See Java Language Changes for a summary of updated language features in Java SE 9 and subsequent releases.
See JDK Release Notes for information about new features, enhancements, and removed or deprecated options for all JDK releases.
The TemporalAdjuster interface, in the java.time.temporal package, provides methods that take a Temporal value and return an adjusted value. The adjusters can be used with any of the temporal-based types.

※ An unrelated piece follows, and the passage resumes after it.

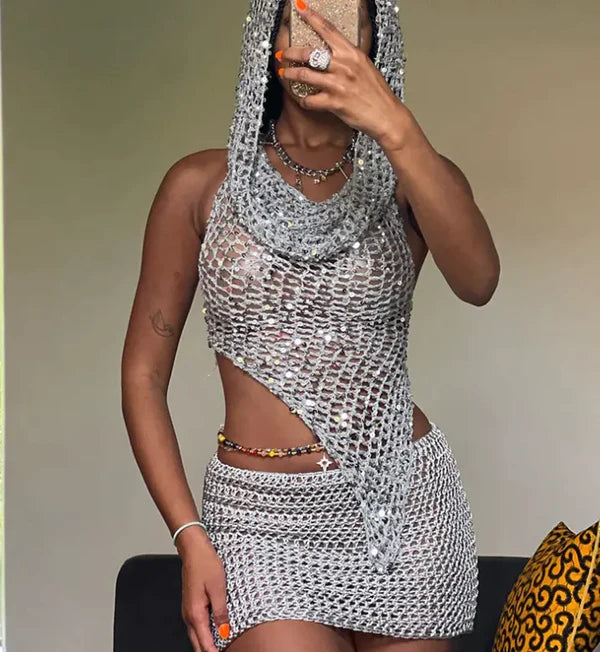 Platinum Touch Sequin Knit Skirt Set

If an adjuster is used with a ZonedDateTime, then a new date is computed that preserves the original time and time zone values.
The TemporalAdjusters class (note the plural) provides a set of predefined adjusters for finding the first or last day of the month, the first or last day of the year, the last Wednesday of the month, or the first Tuesday after a specific date, to name a few examples. The predefined adjusters are defined as static methods and are designed to be used with the static import statement.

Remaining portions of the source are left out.